Di neve, mandarini e stelle.

Bellavista Pas Operé
*Di Gloria Ines Colombo
Dalla finestra filtra la luce soffusa del lampione, la nebbia è scesa fitta, chiamata da una notte gelida.
Il ghiaccio sottile brilla di nero sull’asfalto. Non c’è nessuno per le strade. Ho voglia di neve, ma intanto mi accontento delle stelline d’argento che decorano i vetri, dell’albero di natale con le lucine verdi e blu e del crepitio del fuoco nel camino. Ho riempito la casa di mandarini, litchi, datteri e frutta secca. Ogni sera sembra la vigilia e la mattina, quando fuori è ancora buio, mi piace sentire l’odore della cenere fredda e della legna. Il tavolo della sala è ancora apparecchiato dalla sera prima. Sulla tovaglia di lino bianco restano gusci di noce, briciole di pane e scorze di mandarini insieme alla bottiglia di Bellavista Pas Operé. Nel frigo c’è un bicchiere di cristallo con un po’ di vino, le bollicine si sono spente ma il suo profumo è come polvere d’oro sulla magia del Natale.
Era il 1981 quando il mecenate di questa storia incontrò lo scienziato.

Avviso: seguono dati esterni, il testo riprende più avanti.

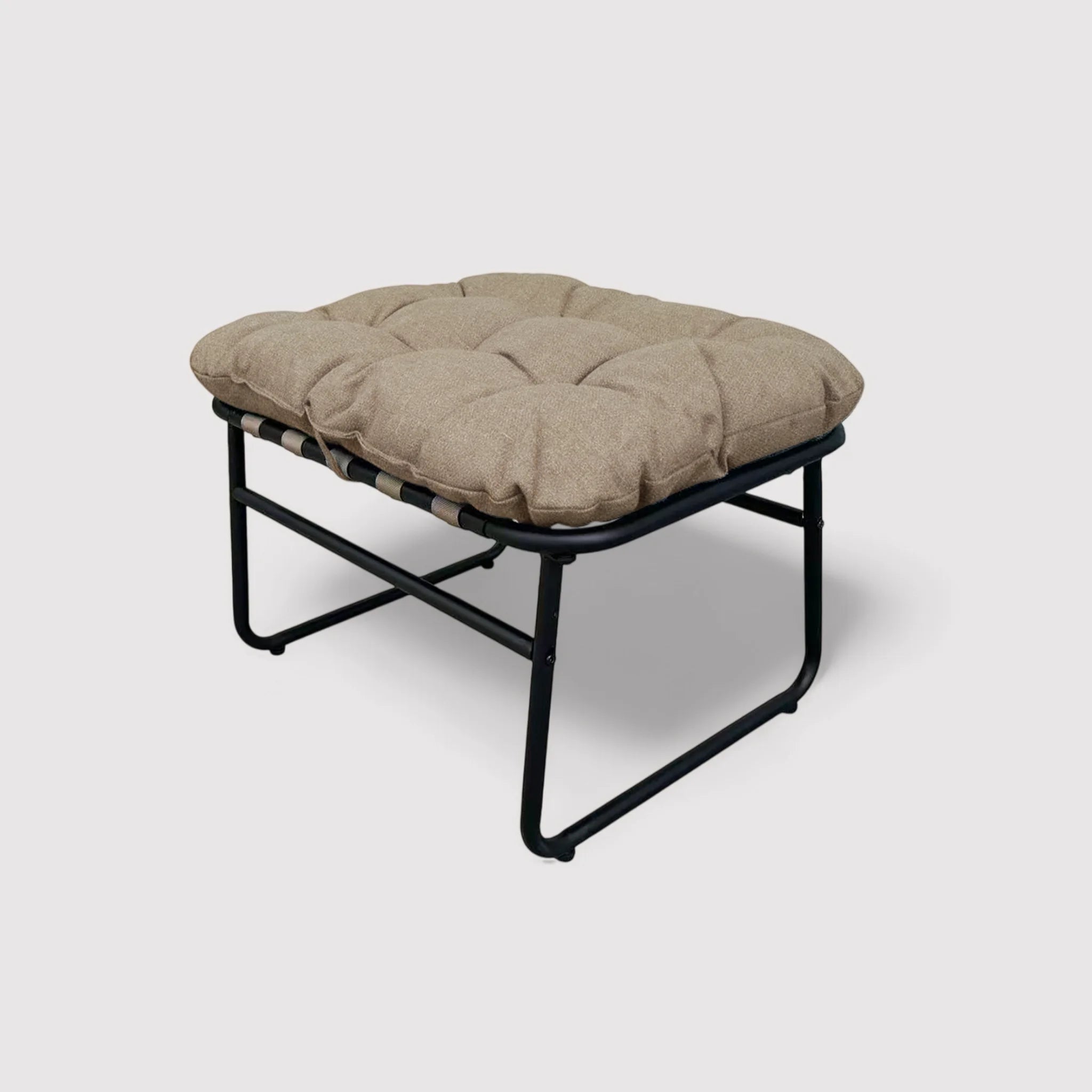 Dune - Gepolsterter Fußhocker Hellbraun Moderner Stil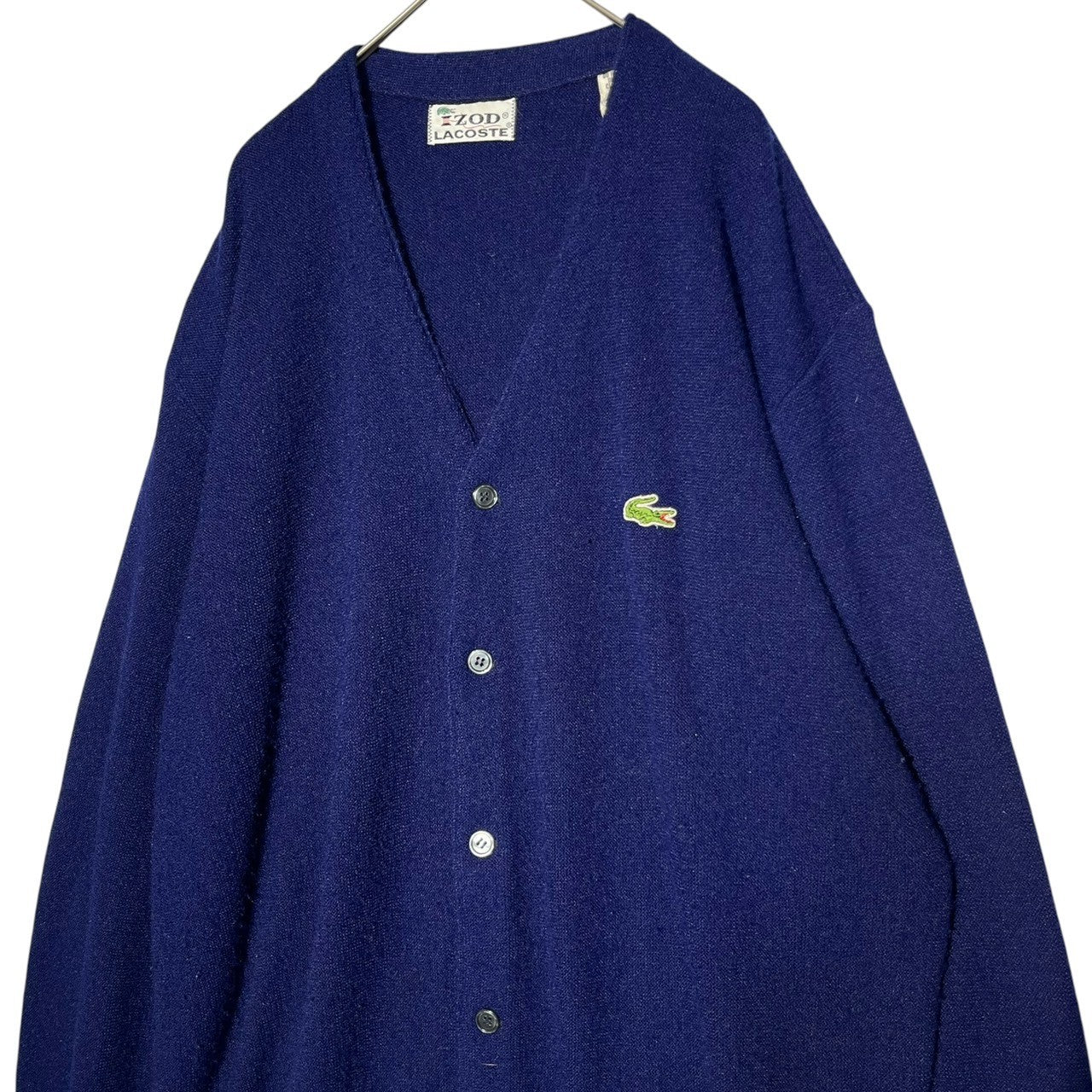 LACOSTE(ラコステ) 80's IZOD vintage knit cardigan ヴィンテージ ニット カーディガン XL ブルー 80年代~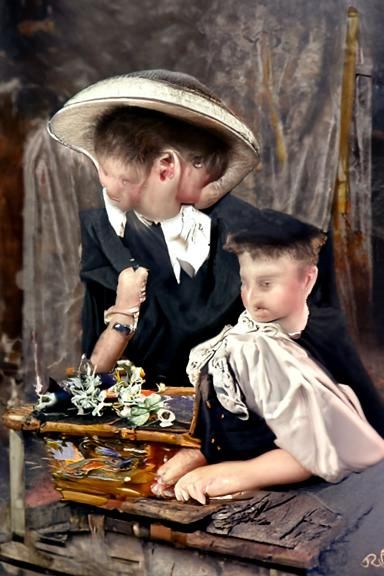 Antique Photograph as Oil Painting on Canvas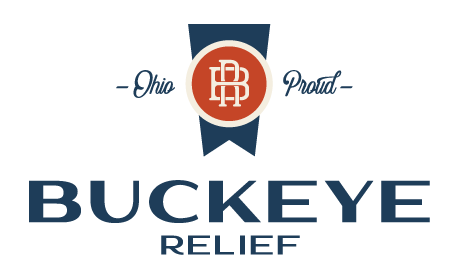 Brand logo for Ohio based Buckeye Relief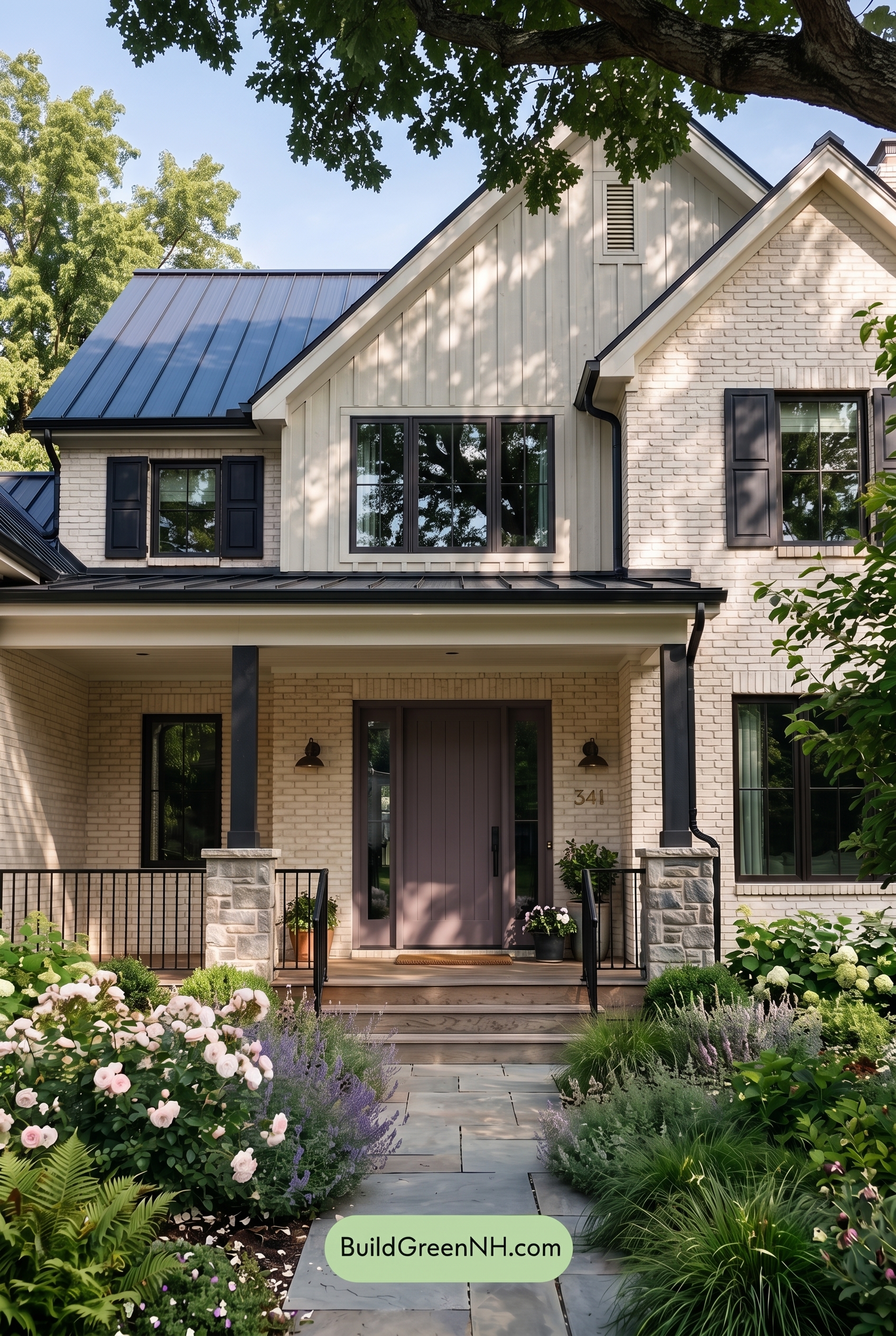 Cream Brick House Exterior Color Scheme: Vanilla Onyx Quiet - Shade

Vittorio Moretti – oggi anche presidente del consorzio della Franciacorta – ha sempre avuto l’istinto dell’imprenditore e la vocazione per l’enologia. Lo immagino un po’ come Lorenzo il Magnifico, capace di innamorarsi di progetti visionari, sensibile all’arte e alla bellezza. Il Signor Moretti, in più, non perde mai di vista gli obiettivi aziendali. Mattia Vezzola, chef de cave di Bellavista per oltre trent’anni, non è solo l’enologo italiano che anche all’estero ci invidiano, ma un uomo di scienza e tecnica.  Insieme a Ziliani (Berlucchi), Zanella (Ca’ del Bosco), Rabotti (Monterossa), sono stati tra i protagonisti del Rinascimento della spumantistica in Italia e hanno scritto le prime pagine di storia della Franciacorta, reinventando un territorio con la caparbietà e la leale rivalità che li ha spinti a dare sempre e solo il meglio.

Il Bellavista Pas Operé è una delle vette dei Franciacorta.
65% chardonnay 35% pinot nero. Il tempo sembra fermarsi. Passano almeno sei anni, scanditi solo dal lento operare dei lieviti.
Solo uve selezionate dei vigneti più vecchi. E si vendemmia solo quando l’uva è matura, non un secondo prima. Nel calice il giallo paglierino si accende di riflessi come i fili d’oro sull’albero di natale. Spuma bianca e bollicine sottili e ostinate.
Cedro candito, pane e burro, fiori di camomilla. Al palato la voce potente del pinot nero si fa sentire decisa, virile, regale.
Come un principe che arriva dopo le notti più fredde e buie per brillare di luce sulla favola del Natale.